=== EXERCISE DATA ===
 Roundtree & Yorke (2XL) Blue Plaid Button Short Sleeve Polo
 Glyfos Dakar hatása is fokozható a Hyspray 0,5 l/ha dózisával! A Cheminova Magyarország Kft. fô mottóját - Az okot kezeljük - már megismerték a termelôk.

* * *

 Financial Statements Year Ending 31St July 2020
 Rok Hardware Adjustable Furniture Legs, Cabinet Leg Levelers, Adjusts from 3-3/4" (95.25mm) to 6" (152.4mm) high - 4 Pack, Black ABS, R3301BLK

=== WORK ITEM ===
Once you find the line with "Roundtree & Yorke" above, print it and every line after it up to and including the line with "Glyfos Dakar hatása", exactly as written and nothing else.

=== RESPONSE BOX ===
 Roundtree & Yorke (2XL) Blue Plaid Button Short Sleeve Polo
 Glyfos Dakar hatása is fokozható a Hyspray 0,5 l/ha dózisával! A Cheminova Magyarország Kft. fô mottóját - Az okot kezeljük - már megismerték a termelôk.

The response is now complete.